Unlike other types of insurance, there aren’t a lot of difficult choices to make when it comes to selecting title policy insurance.
Most consumers are accustomed to selecting from liability and personal coverage for auto insurance to a variety of other packages for life insurance, home insurance, health care insurance and more. In addition, they need to decide how much to invest and whether to add riders, umbrellas and a variety of other options. It goes on and on.
But with title insurance, you’ll find only two types: an owner’s policy and a lender’s policy.
Just as its name suggests, an owner’s policy is the one that protects the property owner. Imagine buying a new home only to find that there are liens on it or easements you didn’t know about. Resolving those issues can be both frustrating and expensive.
But the owner’s policy will protect an owner’s financial interest in the property, covering the costs of any legal fees required to make the owner whole again. Better still, it will require a title search prior to issuing the policy—a search that typically reveals any outstanding financial obligations against the property, other rights to the same property, forgery, fraud and other issues that can dramatically affect your investment.

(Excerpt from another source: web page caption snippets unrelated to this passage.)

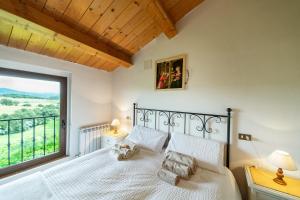 A bed or beds in a room at Agriturismo Podere Coldifico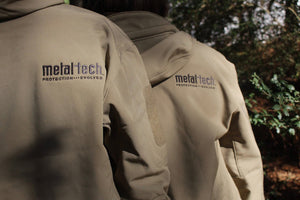Close-up of two tan Metal Tech 20th Anniversary Tactical Jackets showing embroidered logo on upper back and sleeve patch area.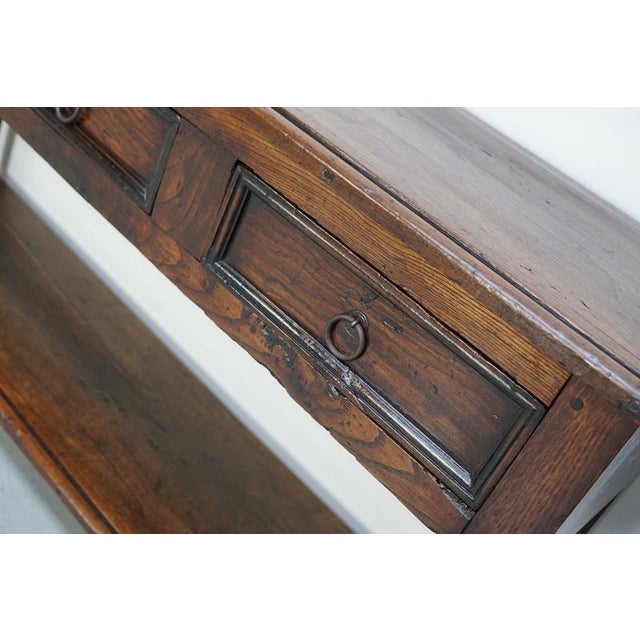This elegant side table was converted in Spain from a chestnut dining table with beautiful grain patterns. It has a warm...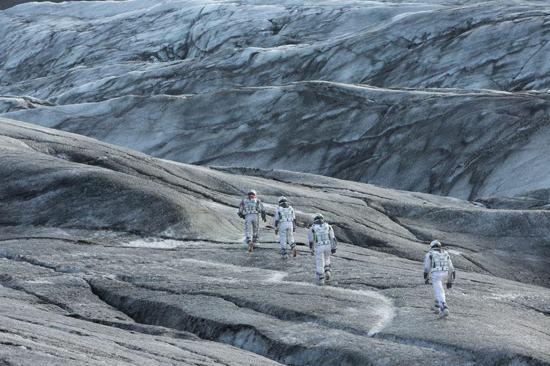 Four people in hiking gear walking across a large, grey, undulating glacier landscape.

The lender’s policy is required by the lender that secures your mortgage. The policy protects them from issuing a loan for a property that the current owner doesn’t have the free and clear right to sell. Title insurance is critical for lenders because most mortgage loans in the U.S. are issued by people acting in a fiduciary capacity—that is, lending other people’s money (e.g., banks, savings and loans, life insurance, etc.). Title insurance protects the lender’s investment.
In the end, the most important choice a consumer will need to make about title insurance is simply whether to get it. It’s a small investment with immeasurable returns—helping you avoid unanticipated problems with your home purchase and enjoy peace of mind once it’s yours.